昼間ABPと夜間ABPでも検討を行ったところ,昼間の収縮期血圧と拡張期血圧,および夜間の拡張期血圧で,心血管疾患死亡リスクとの有意な関連が見られた。
この論文は,24時間自由行動下で測定した血圧が,随時血圧よりも予後予測能に優れていることを示した最初の論文である。

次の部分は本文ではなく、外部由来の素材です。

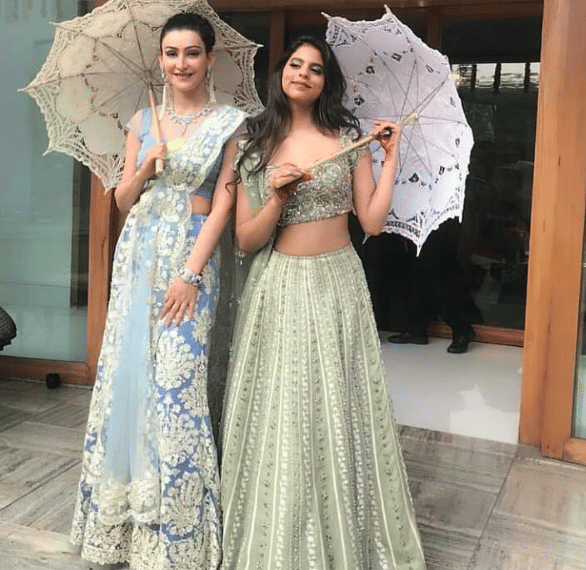 shahrukh khan daughter suhana khan gorgeous green dress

死亡リスクの有意な上昇がみられた測定法全死亡 心血管疾患死 非心血管疾患死 24時間ABP SBP 高 2.36 高 4.61 - DBP - 高 3.39 - 随時 SBP 高 2.25 - - DBP - - - 昼間ABP SBP 高 1.99,低1.85 高 9.06,低 7.17 - DBP - 高 4.64 - 夜間ABP SBP 高 3.16 - 高 4.36,低 4.82 DBP - 高 3.95 - 数字は,もっとも高い,もしくは低い五分位における有意な相対ハザード(vs. 第3五分位,P<0.05)。SBP: 収縮期血圧,DBP: 拡張期血圧。